--- Dataset excerpts ---

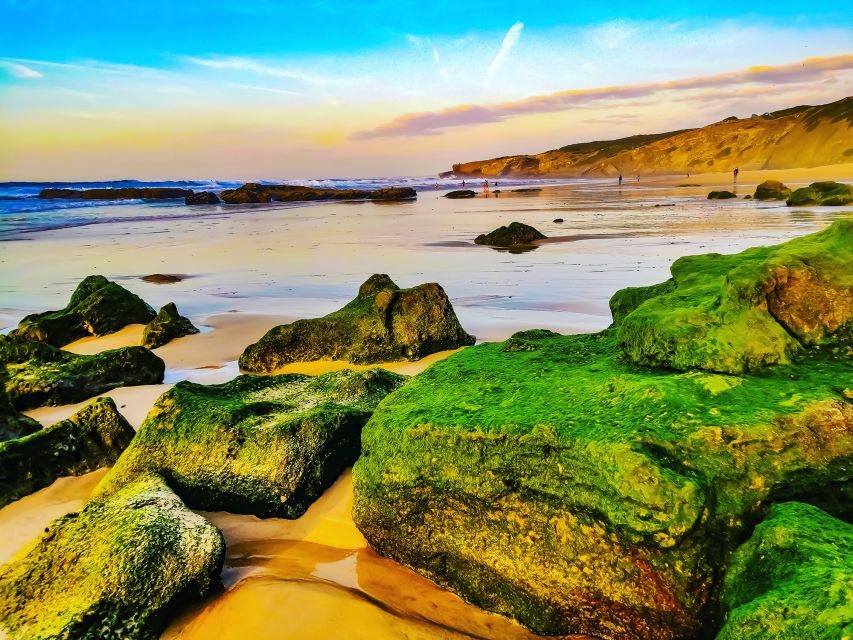 From Lagos: Wild and Wonderful West Coast Full-Day Tour - The Cape of St. Vincent stop: how to enjoy the final wow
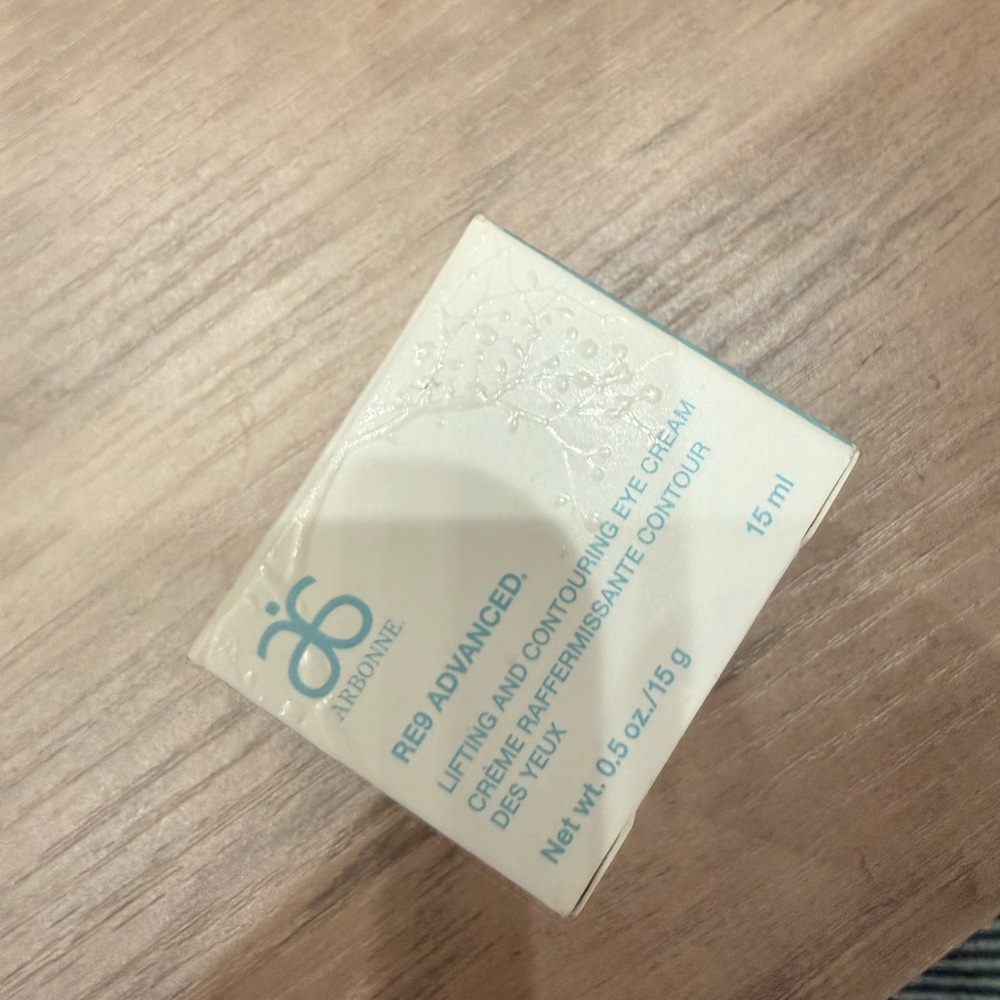 Arbonne RE9 Advanced Eye Cream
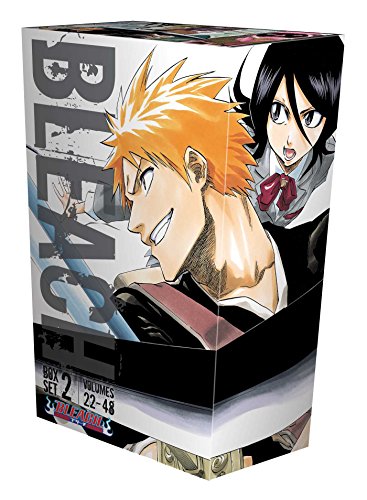 Bleach Box Set 2: Volumes 22-48 with Premium - Tite Kubo - Paperback                       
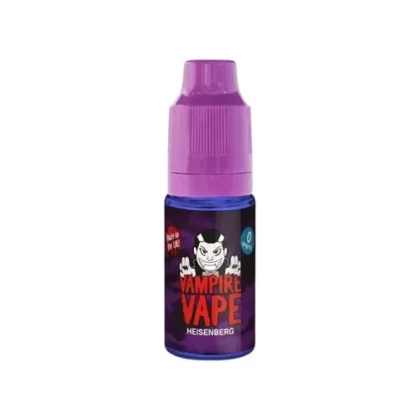 Vampire Vape Heisenberg 10ml - 3mg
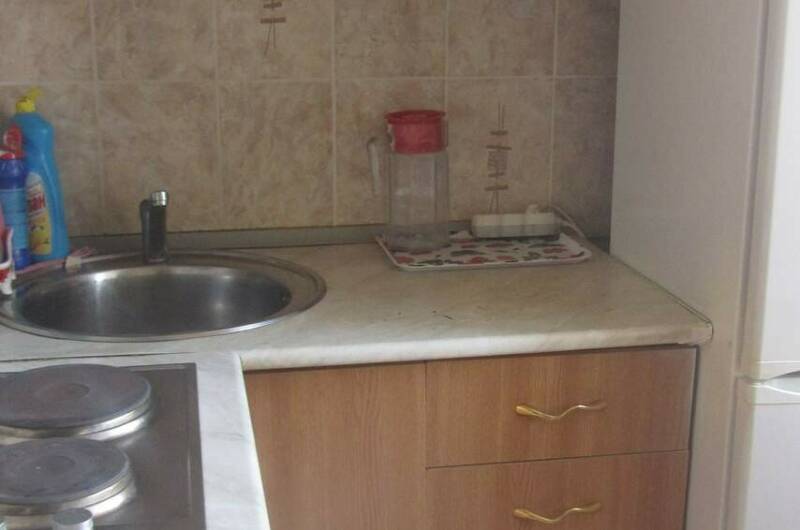 Двухкомнатная квартира на Агрба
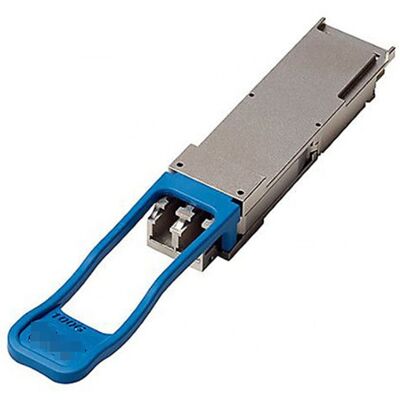 Modul Transceiver Optik 100GBASE-LR4 QSFP28 Kompatibel dengan Cisco QSFP-100G-LR4-S | LC 10km SMF DOM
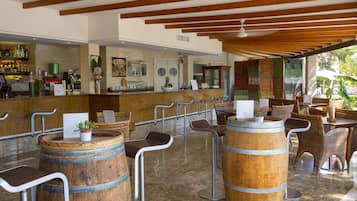 Tapas bar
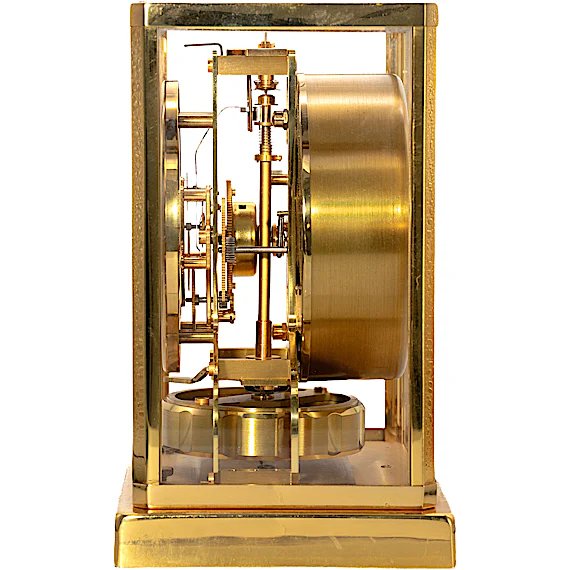 Jaeger-LeCoultre Atmos Cal. 528 Jaeger-LeCoultre Atmos Cal. 528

---

» **Work instruction**
Exact copy, no pictures: return the entries word for word.

» **Response below**
 From Lagos: Wild and Wonderful West Coast Full-Day Tour - The Cape of St. Vincent stop: how to enjoy the final wow
 Arbonne RE9 Advanced Eye Cream
 Bleach Box Set 2: Volumes 22-48 with Premium - Tite Kubo - Paperback                       
 Vampire Vape Heisenberg 10ml - 3mg
 Двухкомнатная квартира на Агрба
 Modul Transceiver Optik 100GBASE-LR4 QSFP28 Kompatibel dengan Cisco QSFP-100G-LR4-S | LC 10km SMF DOM
 Tapas bar
 Jaeger-LeCoultre Atmos Cal. 528 Jaeger-LeCoultre Atmos Cal. 528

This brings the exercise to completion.